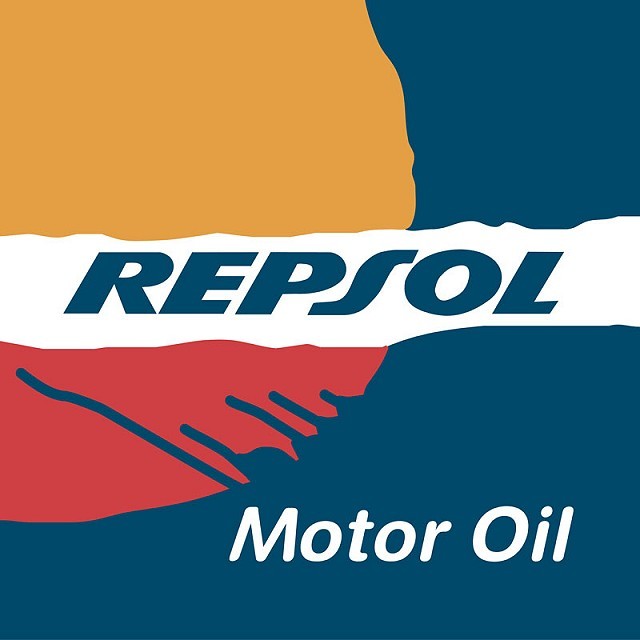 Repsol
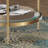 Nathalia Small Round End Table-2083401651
·····
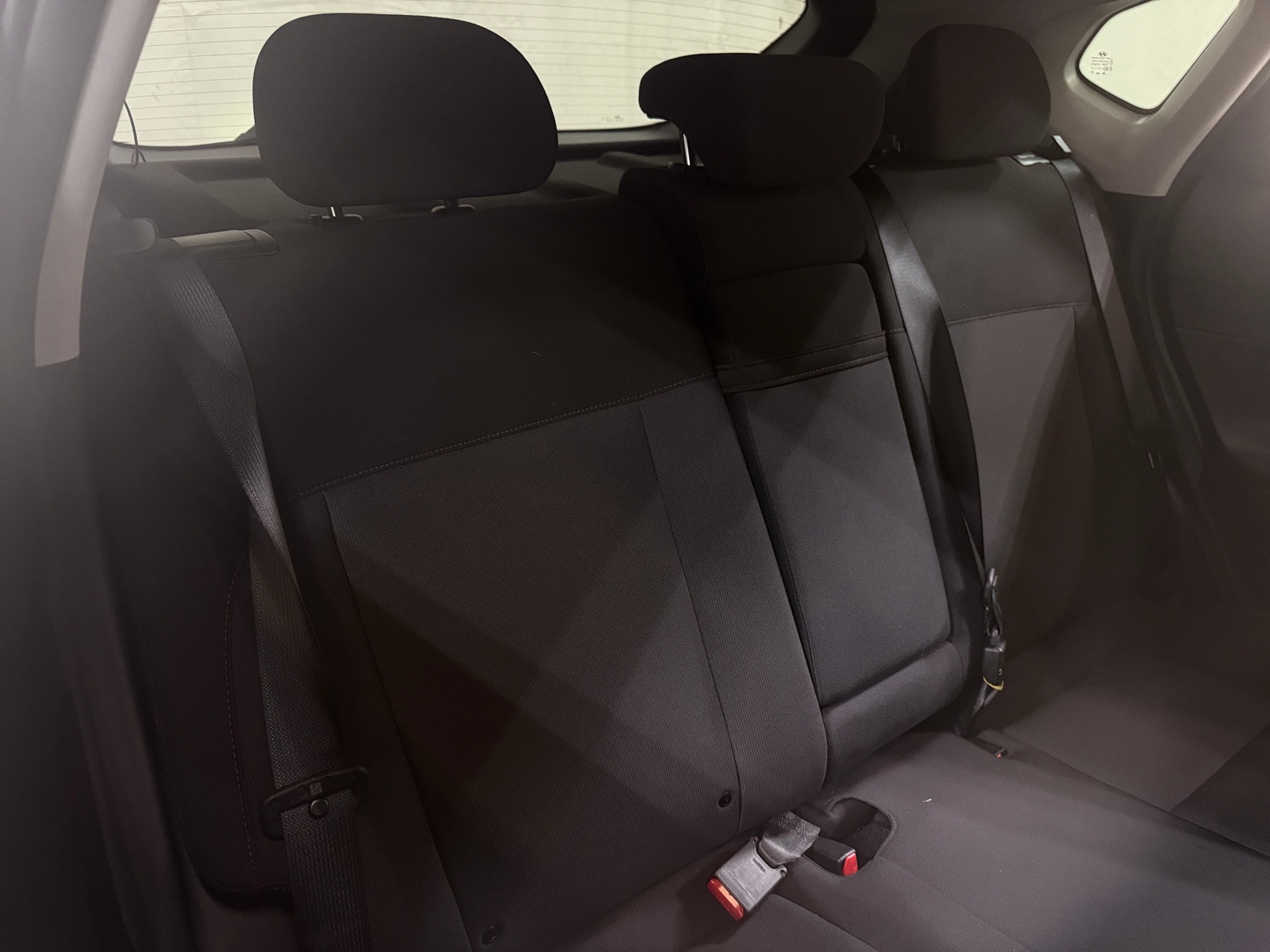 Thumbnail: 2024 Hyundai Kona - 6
·····
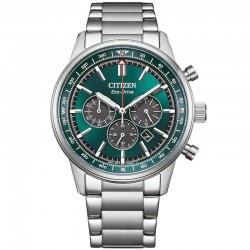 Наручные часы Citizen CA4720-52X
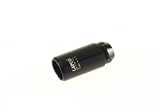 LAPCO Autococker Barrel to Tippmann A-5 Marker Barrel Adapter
·····
• [DIRECTIONS FOR THIS TASK]:
Using the data above, output the line that has "Наручные часы Citizen CA4720-52X", the line that has "LAPCO Autococker Barrel", and whatever lines fall between, each exactly as it stands and without pictures.

• [REPLY]:
 Наручные часы Citizen CA4720-52X
 LAPCO Autococker Barrel to Tippmann A-5 Marker Barrel Adapter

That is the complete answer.